EA's Guildford-based Bright Light studio has a focus on creating games for kids and families, so it was only right that studio VP and GM Harvey Elliott was on hand at the recent Shine Week - a seven day festival to celebrate creative talent among young people. We caught up with him to discuss Boom Blox, potential sequels on other platforms and if we'll ever see any games based on the classic Bullfrog IP EA owns.

VideoGamer.com: The Boom Blox games have obviously both been very successful, but it must be nice to see so many kids getting involved creatively?

Harvey Elliott: Yeah, I mean it really is. It's quite interesting, because this is quite a young age group, so these are between 10 and 11. We've been going for about 45 minutes or so and they've already created some levels. Within 10 minutes one group had made a chair out of the blox. I never thought about building furniture from the Boom Blox - that's really, really cool. As we go round a little bit further you see some of the challenges people have put in.
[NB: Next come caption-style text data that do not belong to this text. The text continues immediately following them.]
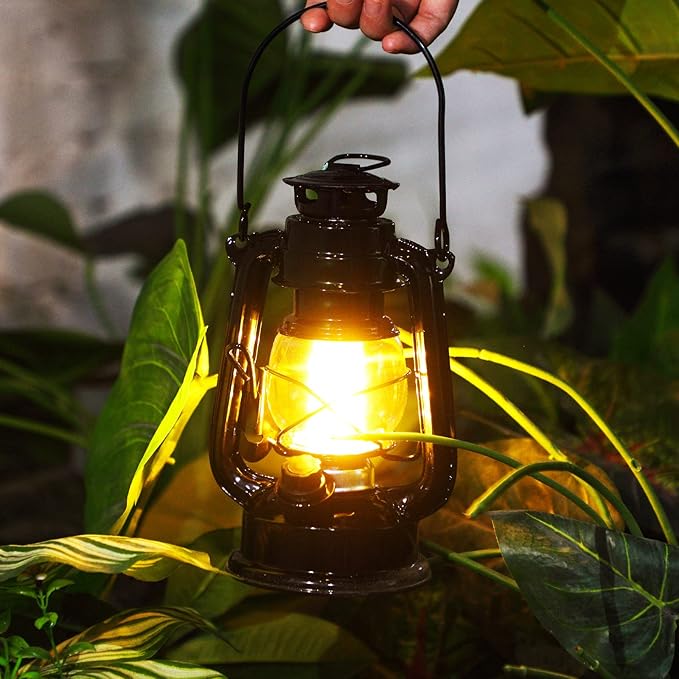 Hortsun 8 Pcs 8 Inch Vintage LED Hurricane Lantern Metal Black Outdoor Battery Operated Hanging Lantern with Warm LEDs and Dimmer Switch for Indoor Rustic Farmhouse Country Camping Decor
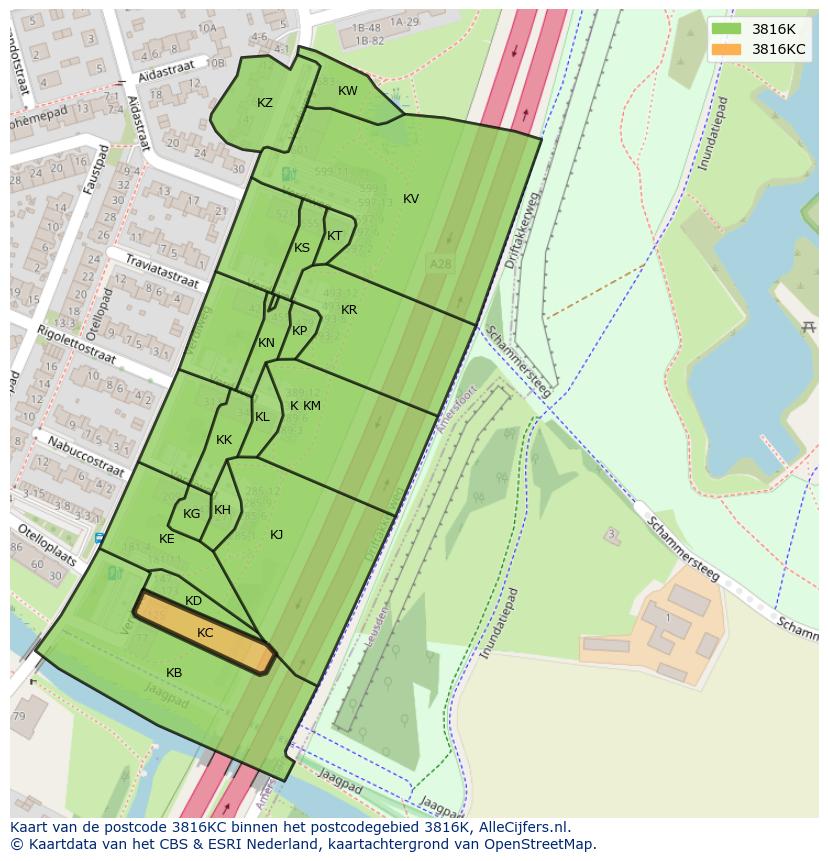 Afbeelding van het postcodegebied 3816 KC op de kaart.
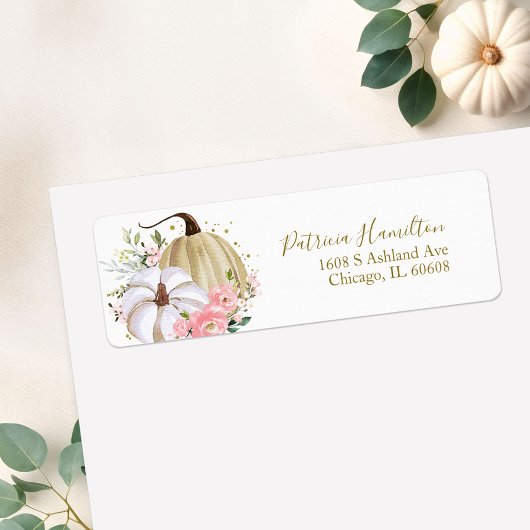 Blush Pink Floral Pumpkin Herfst Vrijgezellenfeest Etiket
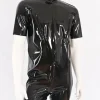 Latex Cod Piece Catsuit With Zip Up Front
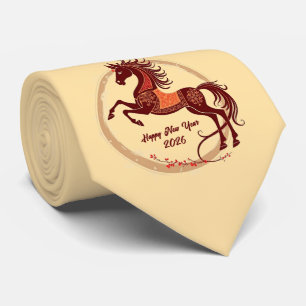 Year of the Horse 2026 Brown color Neck Tie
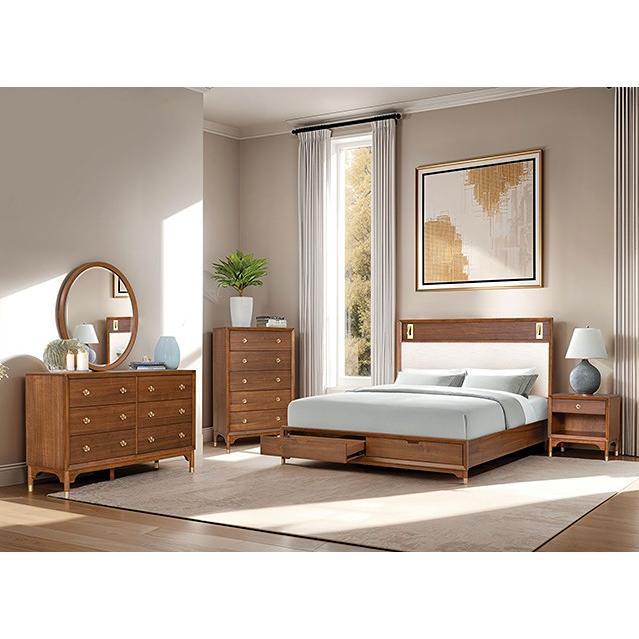  Furniture of America Hepburne FM74000WN-Q-ST-5PC-C 7 pc Queen Storage Bedroom Set IMAGE 1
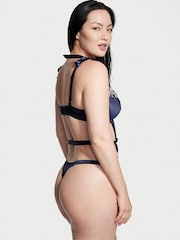 Victoria's Secret Noir Navy Blue Wicked Bejeweled Embroidery Bodysuit - Image 2 of 3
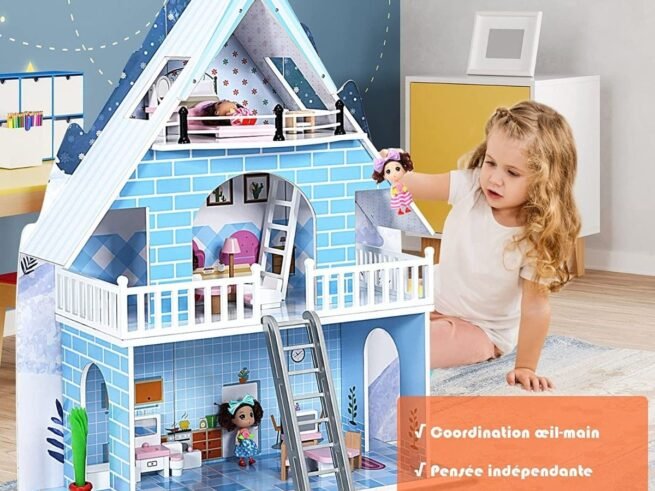 Wooden Dollhouse Dream Doll House 3-Level 15 Furniture 3 Dolls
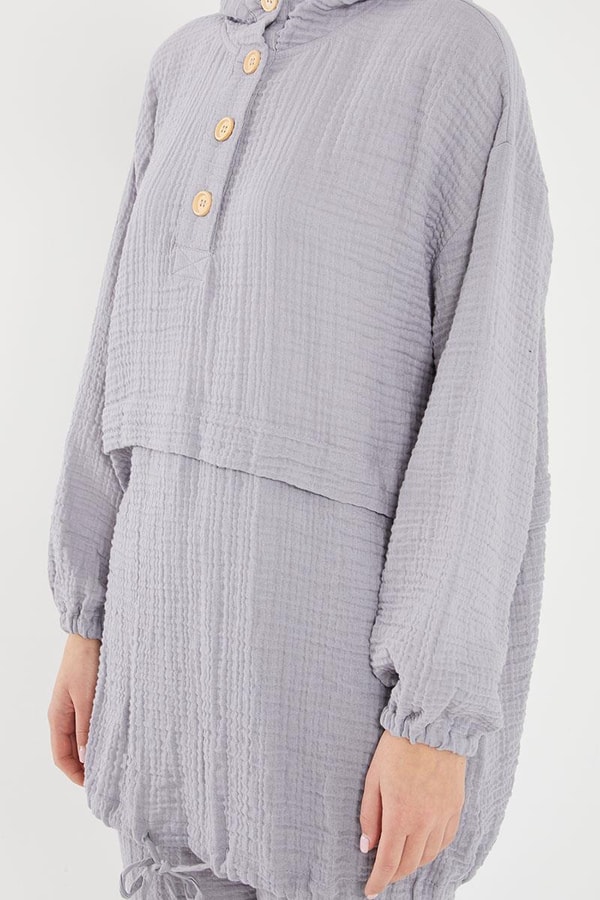 LevidorLevidor Gri Kapşonlu Muslin Spor Takım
They've really thought about it; they haven't just gone for a pretty pile of bricks. "This one's about knocking this gem on the floor, so I'll wedge it in behind these boxes". It's great. We test games a lot with kids during development, but we don't often see them play with the finished product. Actually seeing the finished game in the hands of people is pretty cool.

VideoGamer.com: Do you think it's possible that we could see Boom Blox on other formats?

HE: Yeah, I wouldn't rule anything out, never say never. Why I think Boom Blox has really worked is that it captured the spirit of the Wii. It's about the motion control, it's about throwing a ball or throwing an object. I can't imagine that on other devices at the moment. There's something very physical about it. Right now I'm really proud that it's stayed focused on the Wii and I think it's the right thing. Who knows for the future.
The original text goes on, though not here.